RedaksiBali.com – Istri mantan Menteri Pertanian (Mentan) Syahrul Yasin Limpo (SYL), Ayun Sri Harahap, mengungkapkan bahwa keluarga mereka belum membayar biaya umrah karena belum menerima tagihan. Pernyataan ini disampaikan Ayun saat menjadi saksi dalam sidang kasus dugaan pemerasan dan gratifikasi di lingkungan Kementerian Pertanian (Kementan) yang melibatkan suaminya, di Pengadilan Tindak Pidana Korupsi (Tipikor) Jakarta, Rabu (29/5/2024).

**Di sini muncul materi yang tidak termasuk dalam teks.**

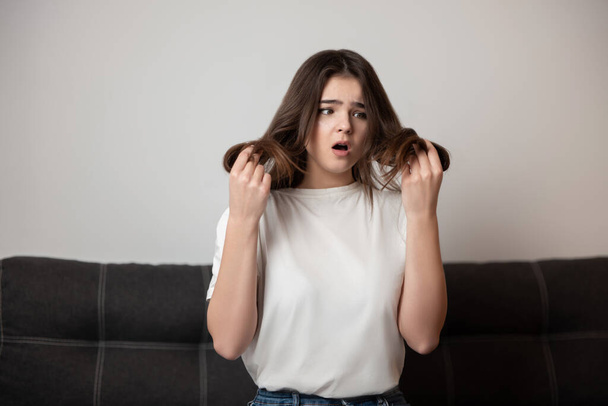brunette young woman with damaged long hair and split ends looks desparate and unhappy with her hairstyle, bad hair day concept. - Foto, imagen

Pembayaran Biaya Umrah yang Belum Diterima
Ayun Sri Harahap menjelaskan bahwa mereka telah menunggu tagihan biaya umrah hingga sebelum penahanan SYL. “Khusus untuk umrah, kami sudah menunggu sampai sebelum bapak (SYL) diambil (ditahan). Menunggu tagihan Yang Mulia,” kata Ayun dalam sidang tersebut. Karena belum menerima tagihan, Ayun menyatakan bahwa biaya umrah belum dibayar. “Tagihannya belum datang jadi kami enggak bayar,” tambahnya.
Penggunaan Dana dari Kementerian Pertanian
Dalam sidang sebelumnya, Direktur Jenderal Perkebunan, Andi Nur Alam Syah, mengungkapkan bahwa Direktorat Jenderal Perkebunan mengeluarkan uang sebesar Rp 317 juta untuk keperluan pribadi SYL. Dana tersebut digunakan untuk beberapa kebutuhan, antara lain:
- Rp 36 juta untuk tiket perjalanan keluarga SYL dari Makassar pada Desember 2022.
- Rp 159 juta untuk kekurangan biaya umrah pada Januari 2023.
- Rp 102 juta untuk permintaan SYL yang diberikan kepada seorang Kiai di Karawang.
- Rp 19 juta untuk biaya servis mobil pribadi SYL, Mercedes-Benz.
Andi menyatakan, “Kami ikut sharing terkait dengan kekurangan perjalanan dinas luar negeri yang terkait dengan umrah itu sebesar Rp 159 juta.”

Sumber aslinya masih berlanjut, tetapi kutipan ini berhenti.